Leopardi: Selected Poems

· Princeton University Press
Ebook
93
Pages

About this ebook

These translations of the major poems of Giacomo Leopardi (1798--1837) render into modern English verse the work of a writer who is widely regarded as the greatest lyric poet in the Italian literary tradition. In spite of this reputation, and in spite of a number of nineteenth-and twentieth-century translations, Leopardi's poems have never "come over" into English in such a way as to guarantee their author a recognition comparable to that of other great European Romantic poets.


By catching something of Leopardi's cadences and tonality in a version that still reads as idiomatic modern English (with an occasional Irish or American accent), Leopardi: Selected Poems should win for the Italian poet the wider appreciative audience he deserves. His themes are mutability, landscape, love; his attitude, one of unflinching realism in the face of unavoidable human loss.
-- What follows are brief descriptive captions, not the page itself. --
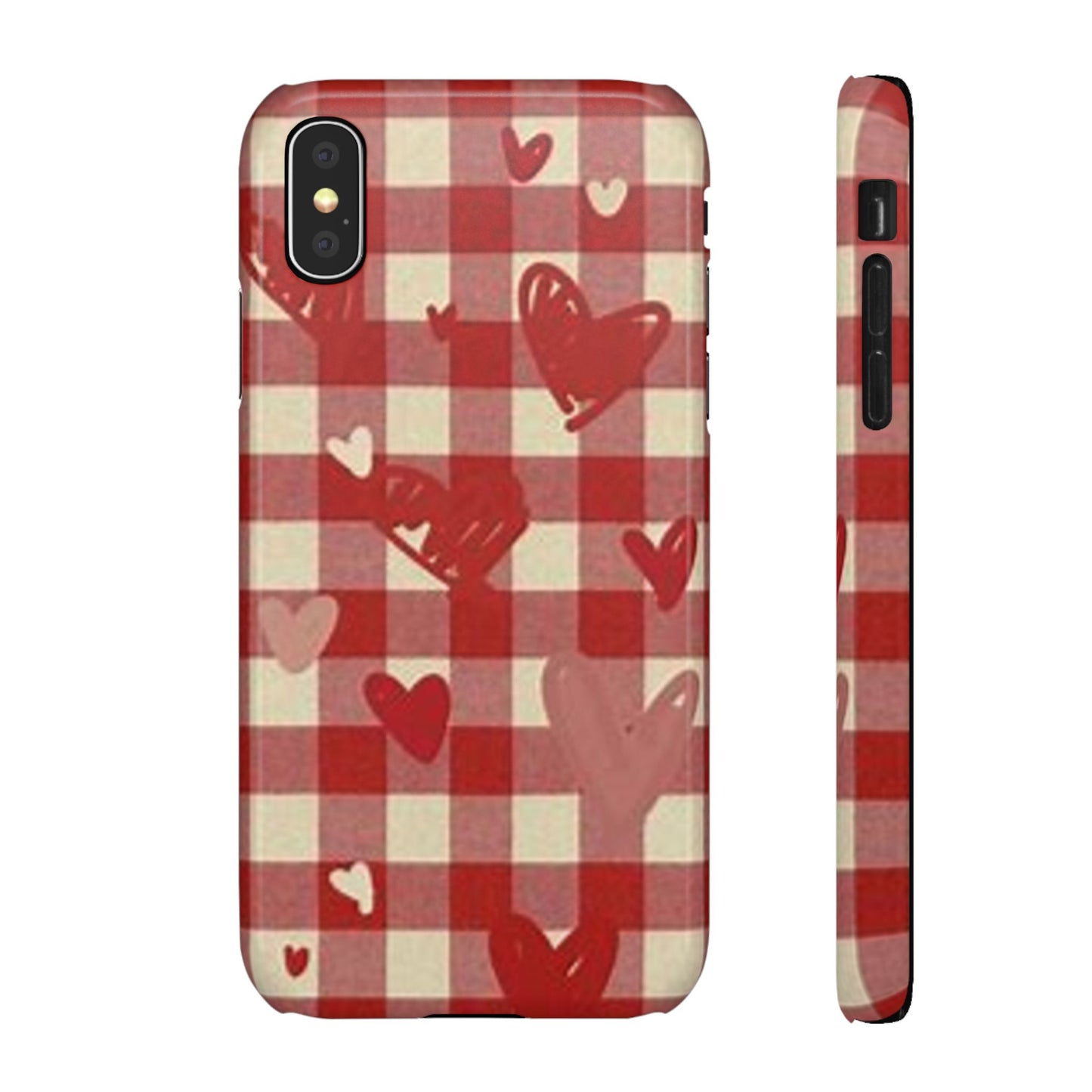 red plaid hearts phone case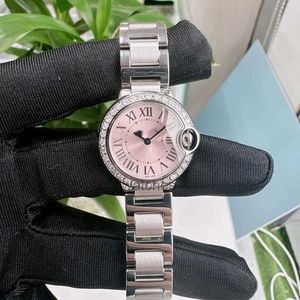 Comporre orologi automatici funzionanti Carter Prezzo di acquisto diretto Blu Serie Blue Watch Quart Piccola Polvera Piatto Womens Diamond posteriori da 28 mm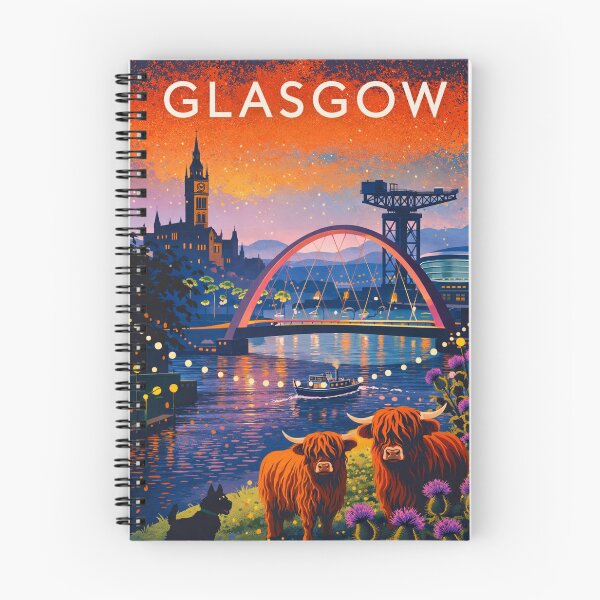Item preview, Glasgow River Clyde Sunset with Clyde Arc, Finnieston Crane, City Chambers and Highland Cows in Scotland designed and sold by Aryabek.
But the manners of the poems are a unique amalgam of philosophical toughness and the lyrically bittersweet. In a way more pure and distilled than most others in the Western tradition, these poems are truly what Matthew Arnold asked all poetry to be, a "criticism of life." The translator's aim is to convey something of the profundity and something of the sheer poetic achievement of Leopardi's inestimable Canti.

About the author

Italian poet Giacomo Leopardi, son of Count Monaldo and Countess Adelaide, was born in Recanati, Italy, on June 29, 1798. Leopardi enjoyed the company of his brother Carlo and sister Paolina, with whom he played such games as dressing up in clerical wear and saying mass, or acting in historical dramas. Encouraged to learn by his parents, Giacomo Leopardi was able to read and write Greek by the age of 15. It was his ability at poetry that kept him sane when, at 18, he lost most of his eyesight and developed a severely curved spine. Leopardi fell in love with his married cousin Countess Geltrude Cassi, with whom he had a powerful affair, in 1817. Nine years later, Leopardi fell in love with yet another married countess, Teresa Carniani Malvezzi, whose husband put an end to the affair. Leopardi channeled his anguish over his physical condition and emotionally exhausting romances into his poetry, fueled by the enthusiasm of his mentor, Pietro Giordani, and by the financial aid of such persons as publisher Antonio Stella, who paid Leopardi for his editing of works by classical writers. Although his poetry is usually grim and gloomy, his attention to detail with outdoor scenes is praised by critics, such as in his shortly-before-death poem, "The Broom," about a flower's growth. Giacomo Leopardi died on June 15, 1837, in Naples, Italy.